I’d like to talk about three benefits of openness and reproducibility:

improved diversity broadly;
improving your own (future) life; and
building on-ramps for your collaborators.

And then three baby steps that you could get started with this afternoon:

buy a bunch of notebooks;
write a datasheet; and
make a software package.

Three benefits

By way of background, M. Alexander (2019) says ‘research is reproducible if it can be reproduced exactly, given all the materials used in the study’. She goes on:

Reproducibility is not just publishing your analysis code. The entire workflow of a research project––from formulating hypotheses to dissemination of your results––has decisions and steps that ideally should be reproducible.

Open Data Institute (2017) defines open data as ‘data that’s available to everyone to access, use and share.’ Open data enables reproducibility and is the bedrock of progress.

Improved diversity

The first benefit that I see is improved diversity, broadly, in our fields. By making our work accessible to more people, we help to to make education and research resources more equitable. In Canadian STEM fields diversity at an undergraduate level is not great, but it’s also not too bad—we reflect broader Canadian society to some extent—but at each successive level we significantly worsen (Villemure and Webb 2017). In my own Department of Statistical Sciences, University Professor Nancy Reid was the only tenured research-track woman in the department for decades. And in astronomy, speaking more broadly, Prescord-Weinstein (2021, 132) says ‘I’ve never met a Black woman professor in the field of theoretical cosmology because I am the first—not just the first professor, but also the first Black woman cosmology theory PhD’¹.

Improving diversity is important because diverse teams are associated with higher performance (Hunt et al. 2020). That’s just a correlation, but thinking about my own experiences, I do think that diversity in my own team improved my productivity. For instance, I’ve found that students with different experiences push back and criticize me about things that I haven’t considered. Improving those aspects makes the work better.

As an aside, I also think that as Canada’s best university, and a public one at that, we have a duty to be more reflective of Canada. There’s a quote from one of my favourite books that I thought this audience would like, because it features an astronomer is talking to a child, trying to convince him that humanities are important, and the astronomer says:

Any science is expensive and astronomy is more expensive than most…. If you need hundreds of millions of pounds sooner or later you are going to have to talk to people who don’t understand what you’re doing and don’t want to understand because they hated science at school.

DeWitt (2000, 396)

It’s entirely correct that these people are in charge because that’s who we voted for. But it would be nice if they didn’t hate astronomy or statistics when they take it at university and possibly part of that is reflecting other experiences than just our own.

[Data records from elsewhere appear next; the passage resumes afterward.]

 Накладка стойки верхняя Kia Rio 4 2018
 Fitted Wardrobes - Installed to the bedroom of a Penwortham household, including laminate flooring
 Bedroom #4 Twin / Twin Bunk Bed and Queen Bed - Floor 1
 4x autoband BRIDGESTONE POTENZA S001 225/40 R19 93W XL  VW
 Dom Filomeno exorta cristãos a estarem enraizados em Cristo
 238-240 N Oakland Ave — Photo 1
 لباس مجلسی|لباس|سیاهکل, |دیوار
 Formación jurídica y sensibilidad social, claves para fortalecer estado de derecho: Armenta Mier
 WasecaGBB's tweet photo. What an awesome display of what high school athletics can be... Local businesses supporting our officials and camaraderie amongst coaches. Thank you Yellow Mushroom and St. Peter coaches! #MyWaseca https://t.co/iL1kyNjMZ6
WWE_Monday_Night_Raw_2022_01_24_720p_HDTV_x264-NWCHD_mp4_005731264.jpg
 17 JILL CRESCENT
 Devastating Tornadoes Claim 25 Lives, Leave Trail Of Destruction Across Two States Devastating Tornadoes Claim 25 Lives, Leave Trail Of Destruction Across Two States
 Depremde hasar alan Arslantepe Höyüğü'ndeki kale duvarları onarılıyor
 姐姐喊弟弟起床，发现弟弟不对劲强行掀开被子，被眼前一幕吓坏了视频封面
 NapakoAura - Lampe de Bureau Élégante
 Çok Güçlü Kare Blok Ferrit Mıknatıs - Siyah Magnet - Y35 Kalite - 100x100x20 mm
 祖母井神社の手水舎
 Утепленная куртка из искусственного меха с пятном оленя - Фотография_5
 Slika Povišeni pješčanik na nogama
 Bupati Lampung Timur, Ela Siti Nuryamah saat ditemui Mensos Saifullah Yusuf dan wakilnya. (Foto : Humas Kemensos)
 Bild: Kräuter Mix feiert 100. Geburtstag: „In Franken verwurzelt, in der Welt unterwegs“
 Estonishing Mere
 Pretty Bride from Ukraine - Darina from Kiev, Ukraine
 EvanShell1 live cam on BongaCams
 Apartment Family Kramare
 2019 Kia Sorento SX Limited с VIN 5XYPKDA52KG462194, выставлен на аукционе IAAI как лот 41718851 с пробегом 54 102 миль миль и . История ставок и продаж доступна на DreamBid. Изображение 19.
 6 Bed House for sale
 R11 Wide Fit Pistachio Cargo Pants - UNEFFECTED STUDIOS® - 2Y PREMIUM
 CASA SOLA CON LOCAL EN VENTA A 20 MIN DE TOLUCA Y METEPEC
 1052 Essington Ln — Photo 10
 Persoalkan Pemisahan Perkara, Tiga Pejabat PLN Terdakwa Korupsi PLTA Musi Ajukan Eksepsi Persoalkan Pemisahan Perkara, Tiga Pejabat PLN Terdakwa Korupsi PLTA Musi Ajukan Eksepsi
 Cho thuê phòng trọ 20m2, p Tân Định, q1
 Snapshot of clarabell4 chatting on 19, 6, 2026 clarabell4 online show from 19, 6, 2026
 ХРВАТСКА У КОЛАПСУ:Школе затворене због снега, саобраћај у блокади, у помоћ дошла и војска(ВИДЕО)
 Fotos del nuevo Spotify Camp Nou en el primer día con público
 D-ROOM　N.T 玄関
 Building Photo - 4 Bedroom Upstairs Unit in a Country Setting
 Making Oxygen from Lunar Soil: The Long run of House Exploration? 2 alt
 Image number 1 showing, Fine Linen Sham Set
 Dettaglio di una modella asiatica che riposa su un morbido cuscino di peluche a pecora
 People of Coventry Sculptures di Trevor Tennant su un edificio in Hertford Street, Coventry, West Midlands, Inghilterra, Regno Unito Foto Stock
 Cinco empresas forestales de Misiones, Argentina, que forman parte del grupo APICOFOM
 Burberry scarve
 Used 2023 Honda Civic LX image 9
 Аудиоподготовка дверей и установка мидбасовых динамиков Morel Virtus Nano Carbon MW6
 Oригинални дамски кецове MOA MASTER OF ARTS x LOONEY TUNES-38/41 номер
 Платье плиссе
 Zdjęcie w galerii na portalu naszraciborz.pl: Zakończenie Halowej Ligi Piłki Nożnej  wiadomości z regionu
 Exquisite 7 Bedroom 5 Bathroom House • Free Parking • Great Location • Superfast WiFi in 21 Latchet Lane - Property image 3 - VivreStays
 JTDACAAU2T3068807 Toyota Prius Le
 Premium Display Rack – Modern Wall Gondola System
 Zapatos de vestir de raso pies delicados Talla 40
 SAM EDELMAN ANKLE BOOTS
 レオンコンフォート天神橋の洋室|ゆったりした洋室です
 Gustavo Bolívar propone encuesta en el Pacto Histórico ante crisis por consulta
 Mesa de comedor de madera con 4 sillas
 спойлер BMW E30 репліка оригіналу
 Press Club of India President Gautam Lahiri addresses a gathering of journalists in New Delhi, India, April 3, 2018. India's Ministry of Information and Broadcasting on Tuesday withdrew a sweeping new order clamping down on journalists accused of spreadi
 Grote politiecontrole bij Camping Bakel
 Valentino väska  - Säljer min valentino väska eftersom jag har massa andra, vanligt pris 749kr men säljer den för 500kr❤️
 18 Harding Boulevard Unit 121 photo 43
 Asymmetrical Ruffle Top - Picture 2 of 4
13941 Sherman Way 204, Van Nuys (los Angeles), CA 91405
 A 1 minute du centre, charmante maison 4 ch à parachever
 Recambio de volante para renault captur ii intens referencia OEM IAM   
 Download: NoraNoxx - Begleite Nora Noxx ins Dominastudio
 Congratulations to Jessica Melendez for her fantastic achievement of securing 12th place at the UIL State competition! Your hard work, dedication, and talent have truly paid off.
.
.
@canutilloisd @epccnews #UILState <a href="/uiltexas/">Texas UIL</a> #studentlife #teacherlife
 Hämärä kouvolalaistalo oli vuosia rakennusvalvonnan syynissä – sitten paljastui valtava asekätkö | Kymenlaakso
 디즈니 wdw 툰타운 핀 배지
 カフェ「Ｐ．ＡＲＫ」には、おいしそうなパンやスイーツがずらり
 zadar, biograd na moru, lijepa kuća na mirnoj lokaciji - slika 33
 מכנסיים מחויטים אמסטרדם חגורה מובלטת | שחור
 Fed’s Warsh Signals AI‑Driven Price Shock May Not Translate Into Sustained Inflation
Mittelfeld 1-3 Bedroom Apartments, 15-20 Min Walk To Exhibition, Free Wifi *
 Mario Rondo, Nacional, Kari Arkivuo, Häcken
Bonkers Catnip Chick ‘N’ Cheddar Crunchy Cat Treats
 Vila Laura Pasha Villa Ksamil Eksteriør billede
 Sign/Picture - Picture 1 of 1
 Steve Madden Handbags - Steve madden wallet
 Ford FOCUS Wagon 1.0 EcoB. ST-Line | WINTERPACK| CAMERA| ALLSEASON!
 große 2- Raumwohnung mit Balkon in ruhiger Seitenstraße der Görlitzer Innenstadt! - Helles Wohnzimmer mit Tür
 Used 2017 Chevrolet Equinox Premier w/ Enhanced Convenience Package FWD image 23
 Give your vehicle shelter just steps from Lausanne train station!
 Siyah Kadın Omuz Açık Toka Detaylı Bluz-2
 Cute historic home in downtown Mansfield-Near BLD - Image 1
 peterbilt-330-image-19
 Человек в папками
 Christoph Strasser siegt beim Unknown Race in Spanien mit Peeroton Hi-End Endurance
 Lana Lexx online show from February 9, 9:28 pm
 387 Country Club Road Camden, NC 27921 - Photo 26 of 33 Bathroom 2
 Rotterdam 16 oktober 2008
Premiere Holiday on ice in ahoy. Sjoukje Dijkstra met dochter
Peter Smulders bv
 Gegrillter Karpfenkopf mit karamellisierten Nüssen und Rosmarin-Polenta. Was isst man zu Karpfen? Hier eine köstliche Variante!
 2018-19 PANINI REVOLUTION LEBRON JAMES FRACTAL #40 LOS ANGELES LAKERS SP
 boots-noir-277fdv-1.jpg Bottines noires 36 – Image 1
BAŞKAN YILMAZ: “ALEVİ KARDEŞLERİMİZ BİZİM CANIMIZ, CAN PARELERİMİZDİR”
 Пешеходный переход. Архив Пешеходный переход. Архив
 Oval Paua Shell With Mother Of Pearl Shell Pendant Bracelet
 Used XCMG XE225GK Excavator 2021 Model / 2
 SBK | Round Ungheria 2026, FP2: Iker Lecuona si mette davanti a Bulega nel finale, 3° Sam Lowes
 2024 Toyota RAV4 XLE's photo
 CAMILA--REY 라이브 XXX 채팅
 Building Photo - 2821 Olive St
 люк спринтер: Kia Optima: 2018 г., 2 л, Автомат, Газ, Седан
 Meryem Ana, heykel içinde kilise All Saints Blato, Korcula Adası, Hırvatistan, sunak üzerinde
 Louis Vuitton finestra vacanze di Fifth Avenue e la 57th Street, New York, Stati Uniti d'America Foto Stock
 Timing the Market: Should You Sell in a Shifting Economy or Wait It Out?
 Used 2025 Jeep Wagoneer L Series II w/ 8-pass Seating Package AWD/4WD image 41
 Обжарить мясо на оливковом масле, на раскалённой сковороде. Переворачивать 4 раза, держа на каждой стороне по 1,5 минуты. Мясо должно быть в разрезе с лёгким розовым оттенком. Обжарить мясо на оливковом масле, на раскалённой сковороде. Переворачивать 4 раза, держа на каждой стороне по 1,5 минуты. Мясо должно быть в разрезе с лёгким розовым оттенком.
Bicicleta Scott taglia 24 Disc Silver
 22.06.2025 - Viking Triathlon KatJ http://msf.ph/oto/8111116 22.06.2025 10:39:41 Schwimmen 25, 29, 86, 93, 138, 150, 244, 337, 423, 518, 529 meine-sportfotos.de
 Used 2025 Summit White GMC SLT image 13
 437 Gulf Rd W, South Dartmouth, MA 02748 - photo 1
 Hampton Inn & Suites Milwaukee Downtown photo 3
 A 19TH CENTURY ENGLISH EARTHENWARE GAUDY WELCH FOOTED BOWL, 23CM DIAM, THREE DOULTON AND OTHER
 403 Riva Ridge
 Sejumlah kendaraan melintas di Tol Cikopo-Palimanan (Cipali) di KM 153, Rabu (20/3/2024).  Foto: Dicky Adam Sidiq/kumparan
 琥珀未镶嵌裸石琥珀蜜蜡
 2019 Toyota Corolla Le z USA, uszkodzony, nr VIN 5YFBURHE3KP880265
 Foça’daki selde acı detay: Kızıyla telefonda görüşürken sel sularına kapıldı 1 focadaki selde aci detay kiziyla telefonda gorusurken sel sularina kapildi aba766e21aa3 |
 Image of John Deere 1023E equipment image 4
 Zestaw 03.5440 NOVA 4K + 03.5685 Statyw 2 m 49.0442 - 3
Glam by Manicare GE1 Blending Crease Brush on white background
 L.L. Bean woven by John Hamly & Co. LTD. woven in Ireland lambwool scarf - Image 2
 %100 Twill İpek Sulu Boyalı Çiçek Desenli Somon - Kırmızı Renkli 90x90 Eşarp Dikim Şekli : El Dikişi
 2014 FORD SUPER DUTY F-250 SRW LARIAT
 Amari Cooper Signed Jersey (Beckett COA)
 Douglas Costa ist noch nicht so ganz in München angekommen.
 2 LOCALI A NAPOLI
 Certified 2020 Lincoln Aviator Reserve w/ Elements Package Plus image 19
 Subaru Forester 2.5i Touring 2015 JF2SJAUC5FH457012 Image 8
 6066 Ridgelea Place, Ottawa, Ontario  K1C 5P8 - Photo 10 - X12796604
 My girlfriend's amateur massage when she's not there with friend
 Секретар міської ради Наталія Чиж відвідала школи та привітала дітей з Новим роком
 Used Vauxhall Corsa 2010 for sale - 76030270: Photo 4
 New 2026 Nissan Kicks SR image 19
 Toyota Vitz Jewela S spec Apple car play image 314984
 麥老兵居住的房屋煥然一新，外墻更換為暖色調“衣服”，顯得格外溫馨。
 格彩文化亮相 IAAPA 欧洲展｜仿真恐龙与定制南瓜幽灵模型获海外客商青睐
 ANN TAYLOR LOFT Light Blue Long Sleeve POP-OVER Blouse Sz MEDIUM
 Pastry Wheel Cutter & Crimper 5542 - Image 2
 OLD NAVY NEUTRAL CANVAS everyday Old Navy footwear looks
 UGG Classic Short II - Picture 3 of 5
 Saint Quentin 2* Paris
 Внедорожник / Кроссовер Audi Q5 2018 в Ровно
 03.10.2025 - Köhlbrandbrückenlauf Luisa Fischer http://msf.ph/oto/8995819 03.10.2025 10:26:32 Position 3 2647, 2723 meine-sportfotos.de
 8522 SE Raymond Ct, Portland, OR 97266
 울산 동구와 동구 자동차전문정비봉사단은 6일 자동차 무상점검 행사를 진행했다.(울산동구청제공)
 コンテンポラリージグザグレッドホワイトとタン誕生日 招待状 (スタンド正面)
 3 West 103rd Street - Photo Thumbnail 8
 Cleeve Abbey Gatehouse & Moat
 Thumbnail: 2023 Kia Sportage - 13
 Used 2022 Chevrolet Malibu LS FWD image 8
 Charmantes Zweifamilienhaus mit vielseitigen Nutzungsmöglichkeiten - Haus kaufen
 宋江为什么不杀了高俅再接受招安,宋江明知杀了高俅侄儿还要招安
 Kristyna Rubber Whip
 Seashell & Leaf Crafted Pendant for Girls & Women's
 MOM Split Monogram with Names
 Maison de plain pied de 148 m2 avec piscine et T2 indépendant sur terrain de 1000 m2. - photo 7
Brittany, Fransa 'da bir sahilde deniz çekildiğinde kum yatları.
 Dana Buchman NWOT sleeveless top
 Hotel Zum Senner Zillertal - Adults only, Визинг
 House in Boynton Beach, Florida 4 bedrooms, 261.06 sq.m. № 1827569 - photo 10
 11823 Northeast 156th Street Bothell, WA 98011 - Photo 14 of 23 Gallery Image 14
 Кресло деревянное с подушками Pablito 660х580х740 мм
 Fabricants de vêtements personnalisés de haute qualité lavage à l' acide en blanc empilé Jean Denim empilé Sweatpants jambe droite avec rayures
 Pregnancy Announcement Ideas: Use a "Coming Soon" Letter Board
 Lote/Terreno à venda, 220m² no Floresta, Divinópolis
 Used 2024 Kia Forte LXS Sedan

Improving your own (future) life

The second benefit is that ‘future-you’ will be helped. I think that most of us who write code to analyse data for a living have had the feeling of coming back to a project after six months and a lot of the time it’s literally like having to start a new project. The variables make no sense, and the code is unintelligible. The main question for me is always ‘why did I do that?’. And then I spend the afternoon re-coding and almost always end up back where I was.

If we’re spending eight hours a day writing code to analyse data, then almost anything that adds even one per cent to our productivity is worthwhile, let alone something that saves an afternoon. And that’s particularly the case with open data and reproducibility, because these benefits tend to compound over time and accrue not just to you but other researchers. Talking about knowledge that only you have, doesn’t make you knowledgeable, it makes you a crank, and that includes knowledge that only ‘past-you’ has.

Building on-ramps

The third benefit is that adopting open data and reproducibility can allow us to build better on-ramps for our collaborators. I love applied statistics, and I can’t quite believe that I get paid to do this job, and I really want more people to be able to work with me on my projects. These days I get to work with a lot of students, and I think the best way for me to make it easier for them to get up to speed is to adopt open data and reproducibility principles.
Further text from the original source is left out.